• Problem to solve:
Print every line of the listing below, starting with the line that holds "Certified 2021 Subaru" and going on through the line that holds "Foto e2e810c0-aa6c-43c3-9ac9-0e29095874f6. Appartement", both included, and print nothing else.

• Supplied information:
⟨

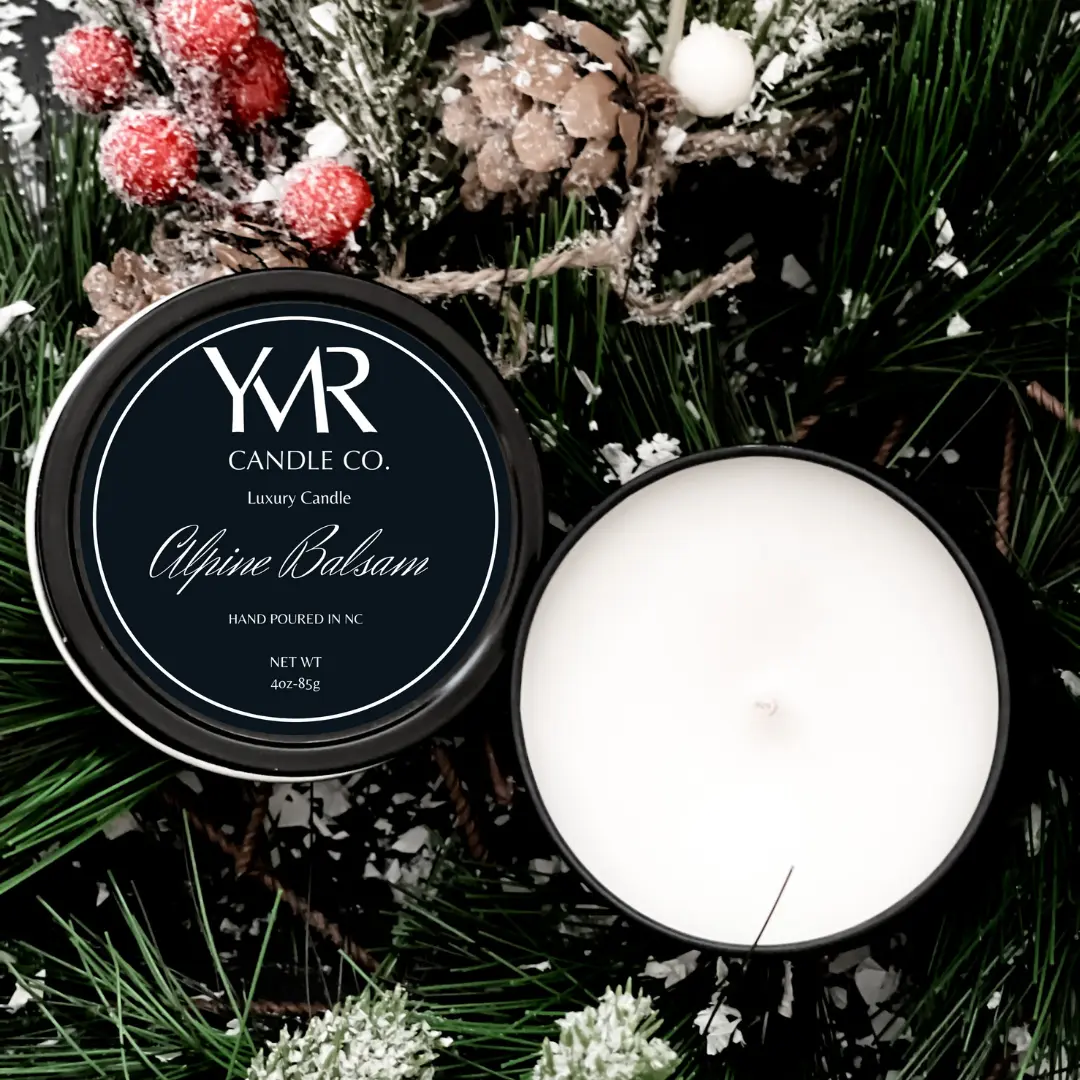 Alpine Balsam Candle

⟩
⟨

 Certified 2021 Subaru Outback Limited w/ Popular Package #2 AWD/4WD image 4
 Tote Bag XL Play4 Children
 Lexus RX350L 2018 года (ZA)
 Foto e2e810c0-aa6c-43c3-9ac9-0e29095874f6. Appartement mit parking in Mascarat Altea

⟩
⟨

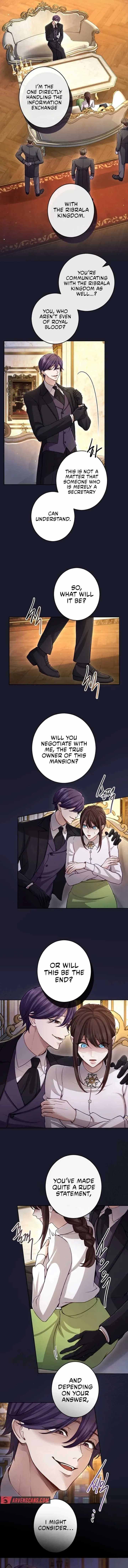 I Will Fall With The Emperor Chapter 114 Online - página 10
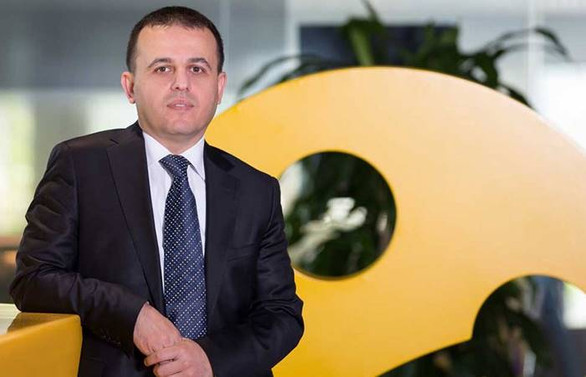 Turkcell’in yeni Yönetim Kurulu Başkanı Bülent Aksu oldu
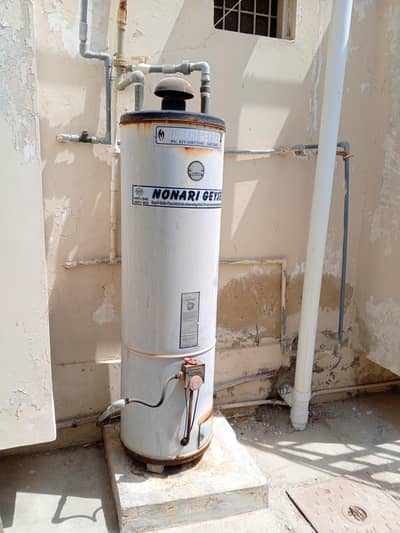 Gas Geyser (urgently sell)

⟩

• Reply to the exercise:
 Certified 2021 Subaru Outback Limited w/ Popular Package #2 AWD/4WD image 4
 Tote Bag XL Play4 Children
 Lexus RX350L 2018 года (ZA)
 Foto e2e810c0-aa6c-43c3-9ac9-0e29095874f6. Appartement mit parking in Mascarat Altea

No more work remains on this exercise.